Minister Kathleen Lynch secures Oireachtas Agreement on ECT Bill.

Ms Kathleen Lynch T.D., Minister for Primary Care, Social Care (Disabilities & Older People) and Mental Health has secured amendments from the Oireachtas to mental health legislation for the administration of Electro-convulsive Therapy (ECT). This is for patients involuntarily admitted to psychiatric hospitals.

The Minister said, ‘Last week the Dáil agreed to my amendments to the Mental Health (Amendment) Bill 2008 to ensure that in future an involuntary patient with capacity can refuse ECT treatment.  Yesterday, the Seanad also passed this important amending bill which seeks to place a higher priority on a person’s autonomy. This is the same as we have achieved with the Assisted Decision-Making (Capacity) Bill which also received Oireachtas approval yesterday.

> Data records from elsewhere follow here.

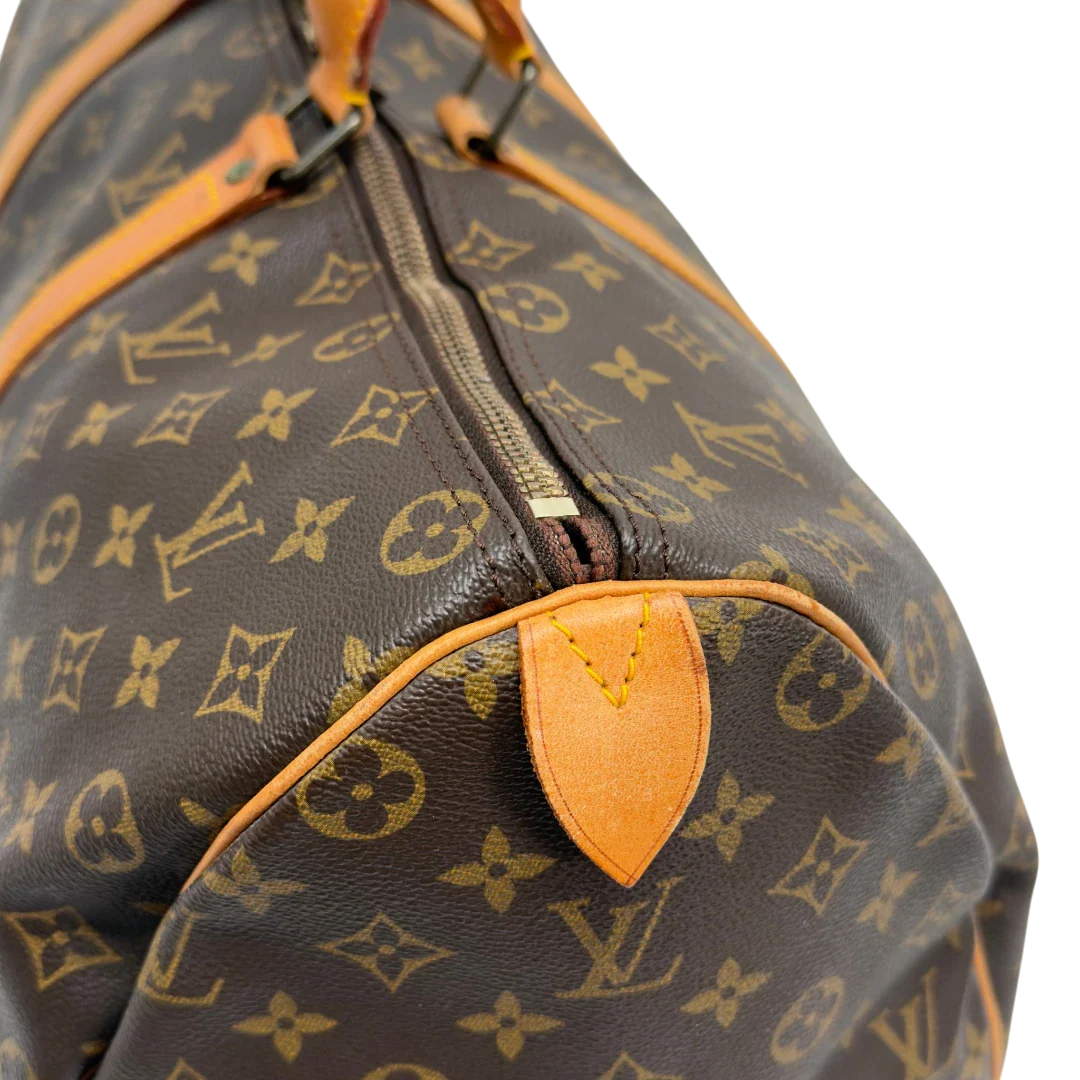 https://cdn.shopify.com/s/files/1/0564/9376/8855/files/Louis_Vuitton_Reisetasche_Keepall_50_monogram_braun_vintage_LV7750.webp?v=1779405988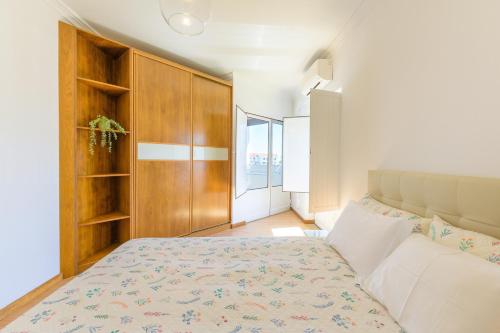 a bedroom with a bed and a wooden cabinet at Casa Vila-mar Porto Covo in Porto Covo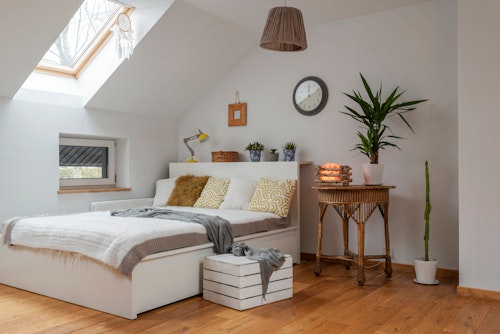 A cozy bedroom with a slanted ceiling and a skylight. The room has a white bed with patterned yellow pillows and a gray throw. A wicker table with candles and plants is to the right, while a crate and a gray blanket lie at the foot of the bed. A wall clock and a pot plant are in the background.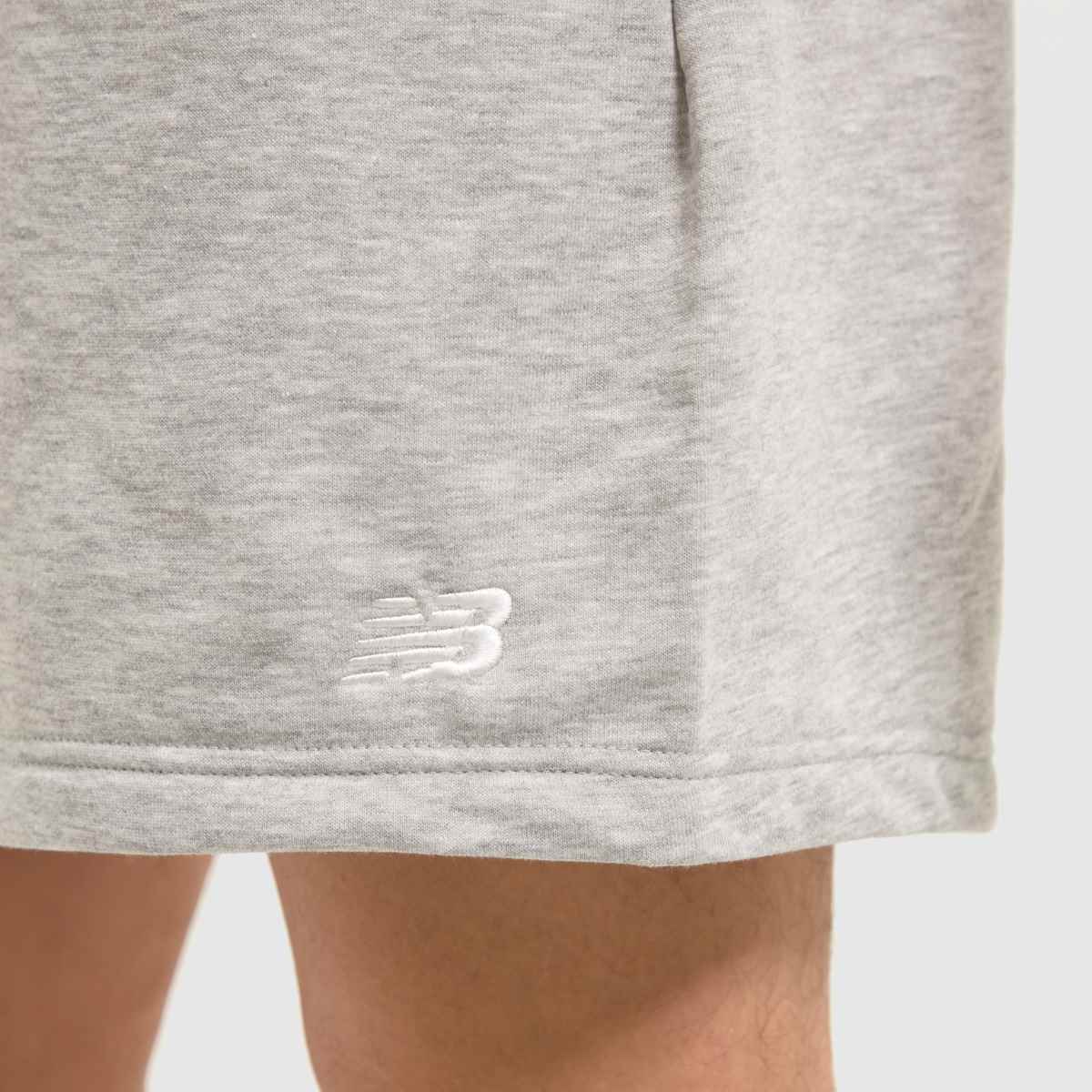 New Balance – Grå shorts i french terry-modell med 7 tums passform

In addition to the change regarding ECT, I have also now secured an amendment to section 60 of the Mental Health Act 2001. This will ensure that in future where an involuntary patient with capacity refuses the administration of medicine after three months, that refusal will be respected.

I have always believed that where a patient who has the necessary capacity to make a decision, has been given all the information about the procedure and opts to refuse treatment, this decision should be respected.  By removing the word ‘unwilling’ from sections 59 and 60 of the Mental Health Act 2001, we can now achieve this aim.’

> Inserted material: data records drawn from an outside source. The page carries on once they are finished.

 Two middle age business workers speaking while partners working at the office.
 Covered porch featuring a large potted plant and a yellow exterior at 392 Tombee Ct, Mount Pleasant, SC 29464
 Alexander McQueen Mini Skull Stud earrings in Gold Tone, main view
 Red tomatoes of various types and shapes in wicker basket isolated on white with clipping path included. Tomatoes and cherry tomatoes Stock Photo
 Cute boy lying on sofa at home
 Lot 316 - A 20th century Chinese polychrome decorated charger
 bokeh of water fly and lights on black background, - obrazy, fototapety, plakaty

In operational terms, the Minister intends to sign a commencement order in January 2016 with an effective date of 1 February 2016 for the changes to take place. This will give the Mental Health Commission a little time to prepare for the change.  Minister Lynch has also received Government approval for a much wider reform of the current mental health legislation.  A general scheme of a bill to reflect the recommendations of the Expert Group in revised legislation is at an early stage of drafting.

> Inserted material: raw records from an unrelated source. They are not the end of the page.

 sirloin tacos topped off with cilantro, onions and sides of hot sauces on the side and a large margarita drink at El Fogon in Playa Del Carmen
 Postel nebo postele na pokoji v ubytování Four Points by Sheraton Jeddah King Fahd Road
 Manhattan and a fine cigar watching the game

In her remarks to the Seanad, Minister Lynch singled out for praise, Senator David Norris and former Senators Déirdre de Búrca and Dan Boyle, all of whom originally sponsored the bill when it commenced in 2008 as a private members bill.  The Minister  acknowledged the role played by mental health campaigners in general. In particular she acknowledged the role of the late John McCarthy of Mad Pride  for his tireless work in seeking an end to the practise of administering Electro-convulsive Therapy to patients with capacity who refused such treatment.